Activists plan 'Twitter storm' demanding release of Jordanian cartoonist
The hashtag #Freedom4EmadHajjaj will be used in the pressure campaign, Tahgreed Rishaq, a Washington-based reporter for Jordan’s Al-Ghad newspaper wrote on Twitter.
It will begin at 13:00 EST, corresponding to 20:00 local time in Amman, and it will also appear on Facebook, where Emad Hajjaj originally posted his cartoon.
On Thursday, Amman’s general prosecutor charged the cartoonist with "carrying out acts and publishing material aimed at undermining relations with a friendly country", a judicial source said.
He was then referred to the state security court, who have kept Hajjaj in detention for 14 pending investigation.

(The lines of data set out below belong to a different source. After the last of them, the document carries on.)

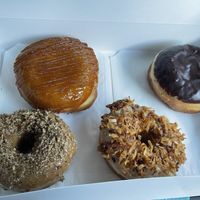 Vegan creme brûlée, boston cream, coffee pecan & maple coconut donuts! All very, very good! #Veganuary at Devi's Donuts and Sweets in Long Beach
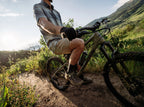 Stretch performance shorts worn on trail in summer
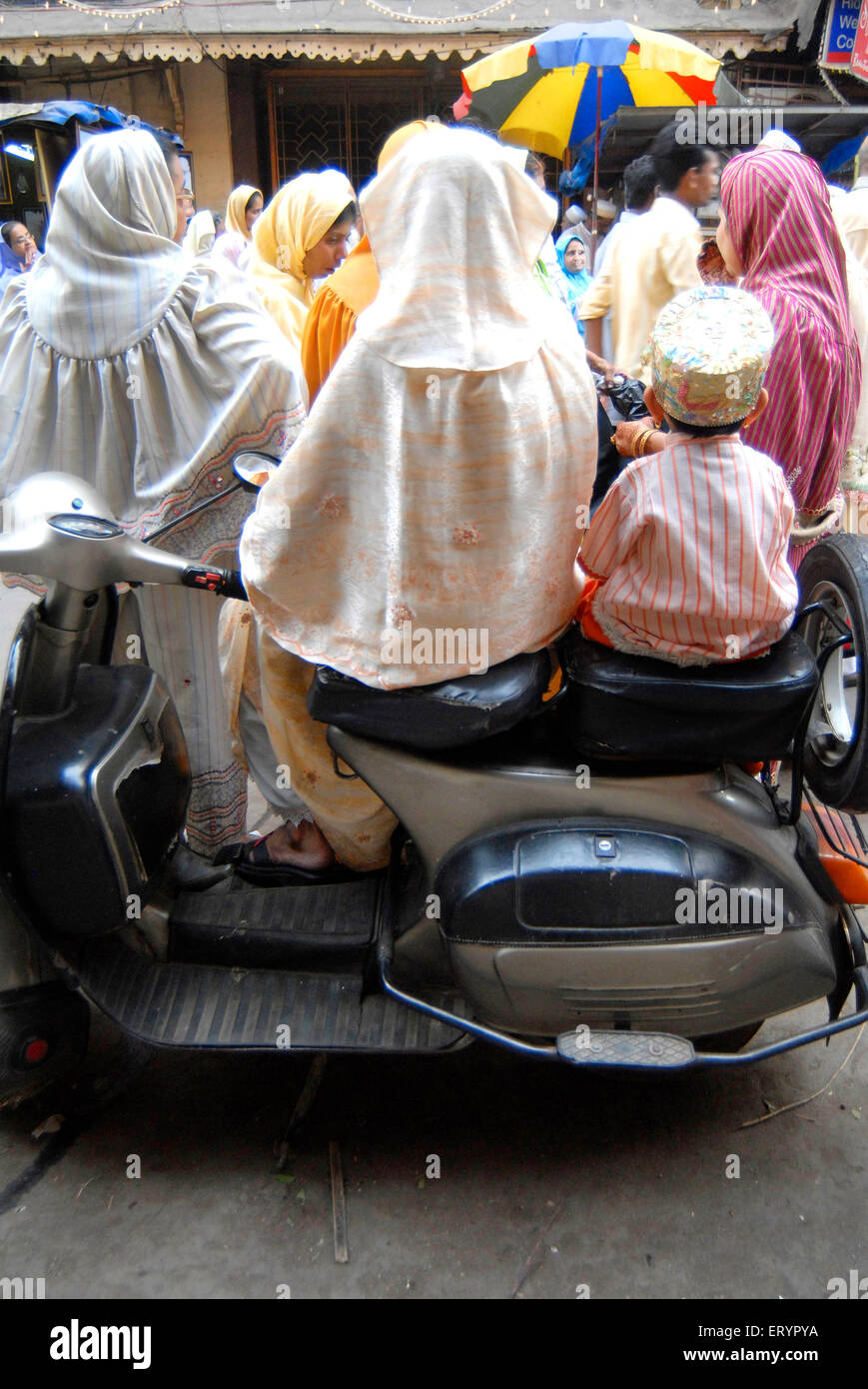 Dawoodi Bohra muslim lady and child sitting on scooter ; Bombay Mumbai ; Maharashtra ; India Stock Photo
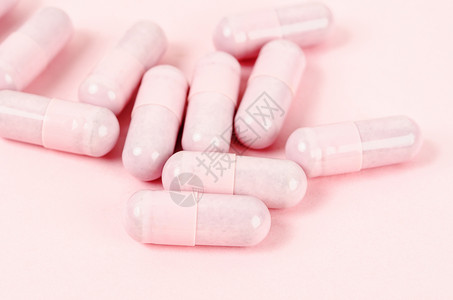 粉红背景粉粉胶片药丸处方药物条件医学行业药店止痛药抗生素消毒副作用图片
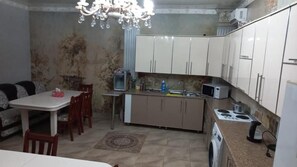 A compact kitchen with a dining area, a chandelier, and basic appliances. - Camelot (Bishkek)
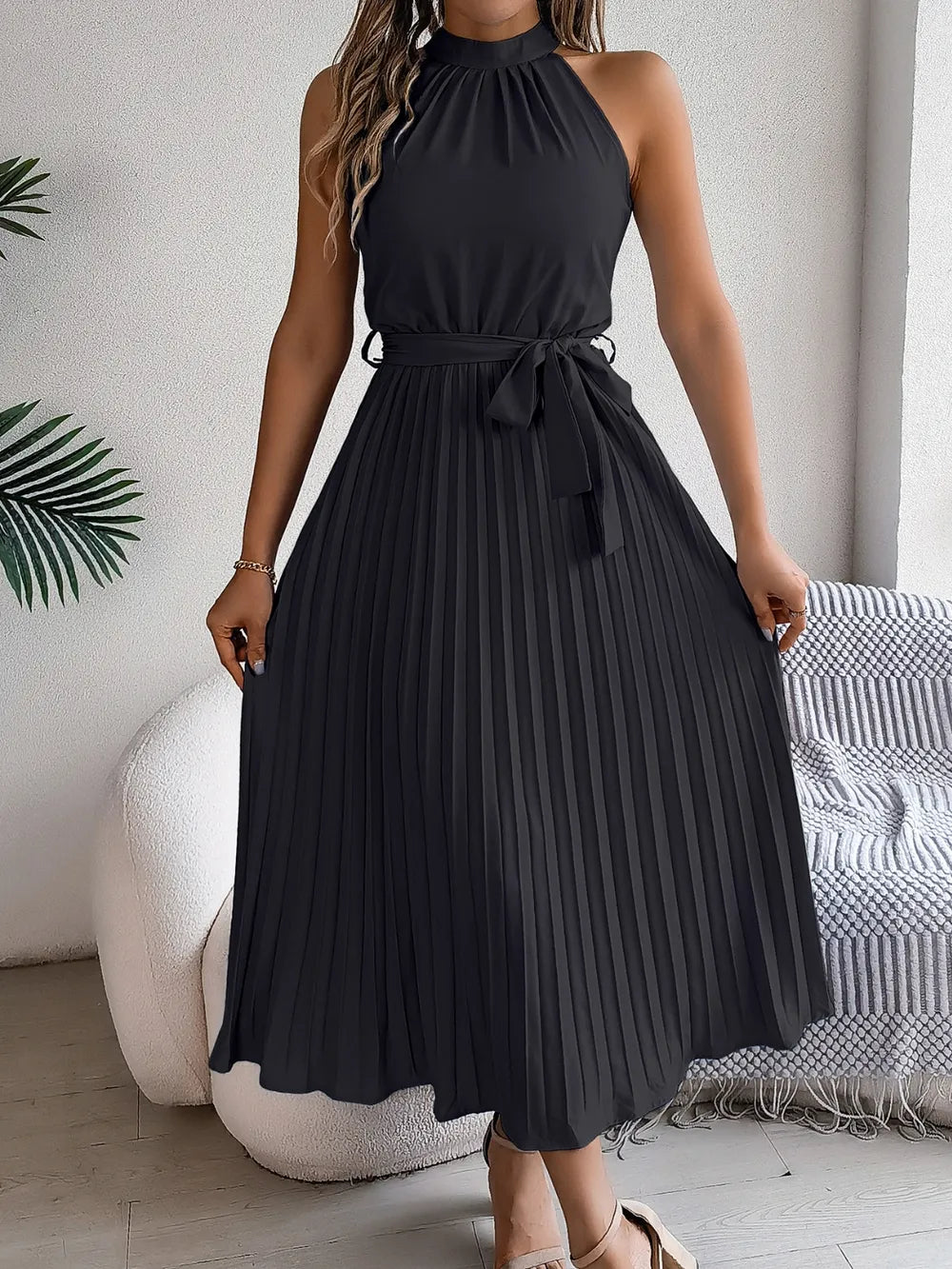 Pleated tie waist sleeveless midi dress in black with halter-neck, bow waist tie, flowing pleated skirt.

He faces five years if found guilty.
On Friday, Human Rights Watch lead calls on Jordan's authorities to release Hajjaj.
"Calling a satirical cartoon a terrorism offence only confirms that Jordan intends to muzzle citizens who speak freely," said Joe Stork, deputy Middle East director at the New York-based watchdog.
"This arrest sends the message that Jordanian authorities would rather abuse the rights of their own citizens than risk offending a gulf leader's feelings," he added.
Read also: Jordanians launch solidarity campaign with Prince Ali and cartoonist Emad Hajjaj over UAE criticism
The apparently "offensive" cartoon published by Hajjaj to his Facebook page is entitled "Israel asks America not to sell F-35 planes to the Emirates", showing Abu Dhabi Crown Prince Mohammed in Zayed Al-Nahyan carring a dove blazoned with the Israeli flag.
The dove spits on the face of the powerful royal, known as MBZ. The spittle which lands on his cheek is covered with the formulation "Spit-35", written in Arabic.
The sale of the fighter jets to the UAE has dampened the exultant mood surrounding a Washington-brokered deal to normalise ties between the Jewish state and the Gulf country.
Jordan is one of two Arab countries to have a full peace treaty with Israel, and enjoys strong relations with other oil-rich Gulf nations.
Hajjaj's arrests has sparked a wave of condemnation from various rights groups, including from the Committee to Protect Journalists, with all demanding his unconditional release.
Hajjaj, 52, is a popular cartoonist in Jordan and across the Arab world.
His drawings, which have appeared in numerous domestic and pan-Arab publications, focus mainly on political, economic and social issues.